Love the teddy btw!!!! :lol:


----------



## xXhayleyroxX

Thats great! xXx


----------



## xXhayleyroxX

Not finished yet but its a bit of an update:









Sorry its taken me a while -- I've been busy with college and I actually lost a lot of my painting the other day :/


----------



## Dally Banjo

:thumbup: Brilliant :thumbup:


----------



## Natik

oh wow  its looking great :thumbup:


----------



## catseyes

fancy tackling a fuzzy old english sheepdog?? how much are you charging for the pics as i would love one?


----------



## xXhayleyroxX

Thanks everyone ^_^ I'm softening the brush strokes, adding teeth and eyelids and whatnot and making it more furry so still a bit to go. I'm glad you lot like it.

@catseyes -- yeah of course I'll paint your dog, but a lot of other people want their dog painted to there's a teeny bit of a waiting list if that's okay? And my paintings are free.

That's reminded me...I'll add the waiting list to the front page for you lot x


----------



## catseyes

Yes please!!! when its my turn let me know and i will choose a pic - will def send some money through paypal as would be great if you could print off pic and post it to me.. only have a mono printer. 

Yey!! excited!!


----------



## xXhayleyroxX

Okie dokie ^_^ And you don't need to send me money, I'm not even sure how much an envelope and stamp would cost haha x


----------



## catseyes

Aww that is so sweet of you!!


----------



## xXhayleyroxX

I like pleasing people ^_^


----------



## xXhayleyroxX

I think I'm done, although if anyone thinks I could improve something please do say:


----------



## SpringerHusky

Very nice, love the fur texture you've done. Great job :thumbup:


----------



## xXhayleyroxX

Thankyou sweetie ^_^ xxxxxxxxx


----------



## XxZoexX

They really are fab and I can't believe they're done with a mouse I have no control whatsoever tring to write or draw with a mouse lol


----------



## xXhayleyroxX

Aww thanks! Its quite hard at first, and I did struggle; but I got used to it ^_^ xxxxxxxxxxxxxxxxxxxxxx


----------



## xXhayleyroxX

Basic line art and colours of Suki:









I was thinking of adding in a midnight starry sky with a full moon and some long fronds of grass in the foreground.

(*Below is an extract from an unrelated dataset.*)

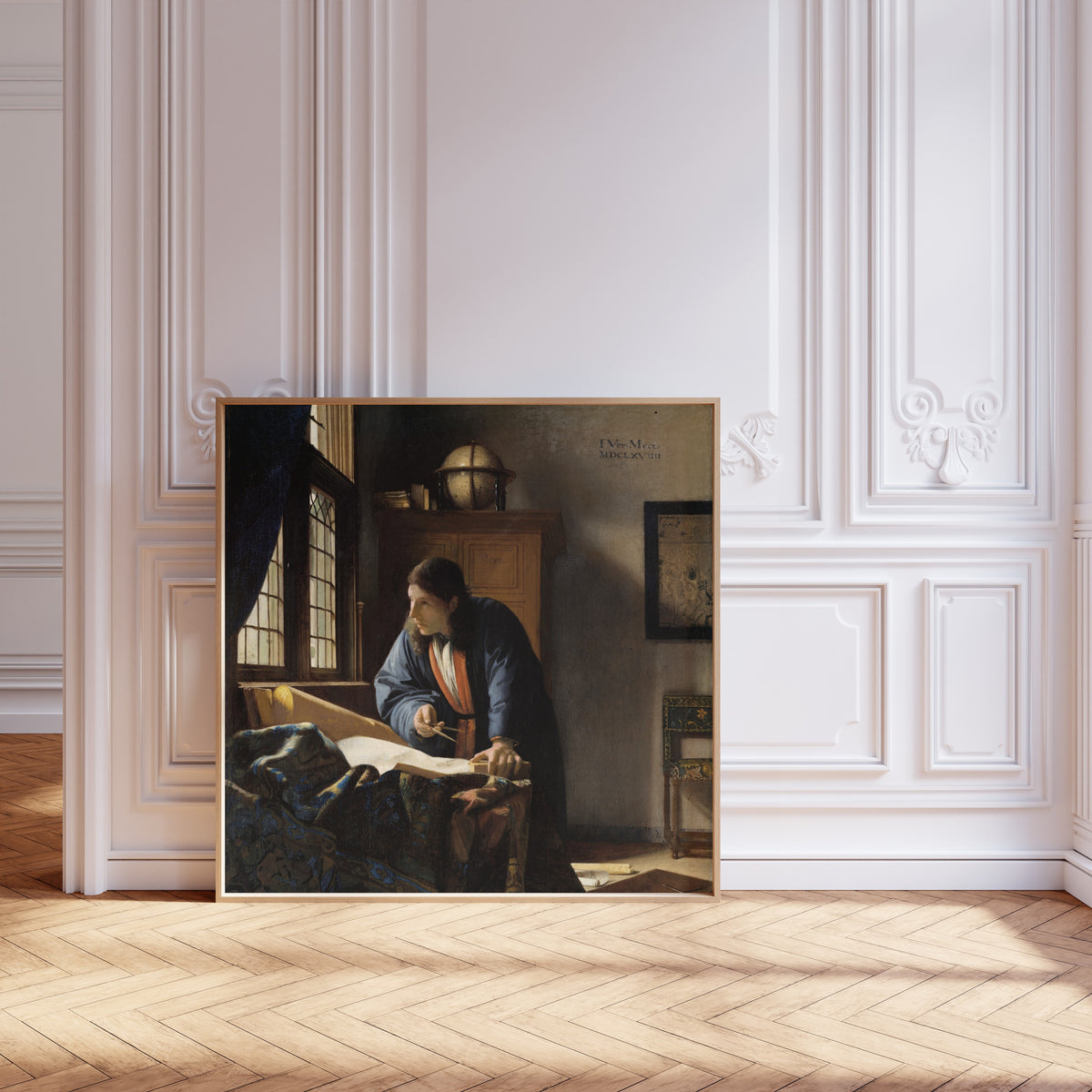 Framed art print of The Geographer by Johannes Vermeer, leaning against pale pink panelling on a herringbone floor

Added more grass to this as well:


----------



## huskylover23

xXhayleyroxX said:


> Basic line art and colours of Misty:
> 
> 
> 
> 
> 
> 
> 
> 
> 
> I was thinking of adding in a midnight starry sky with a full moon and some long fronds of grass in the foreground.
> 
> Added more grass to this as well:


wow love it already hun :thumbup: thats suki. misty was my little pup who is black and white with blue eyes. then there is lady too in some of the pics who has brown eyes. sorry i should of told you who was who when i emailed all the mountains of pics over lol

thanks lovely xxx


----------



## xXhayleyroxX

Oh sorry! I'll edit ^_^ xxxxxxxxxxxxxxxx


----------



## xXhayleyroxX

Here we go ^_^










Sorry it took so long -- I'd actually finished it last week and then I lost it due to a technical fault  xxxxxxx


----------



## Tapir

these are wonderful...would you mind adding me to the waiting list  ...

I have recently lost my dog and would love a picture of her with angel wings. Would you be able to do that? Also my sister has an Alaska Klee Kai and I'm sure she'd love a pic of him.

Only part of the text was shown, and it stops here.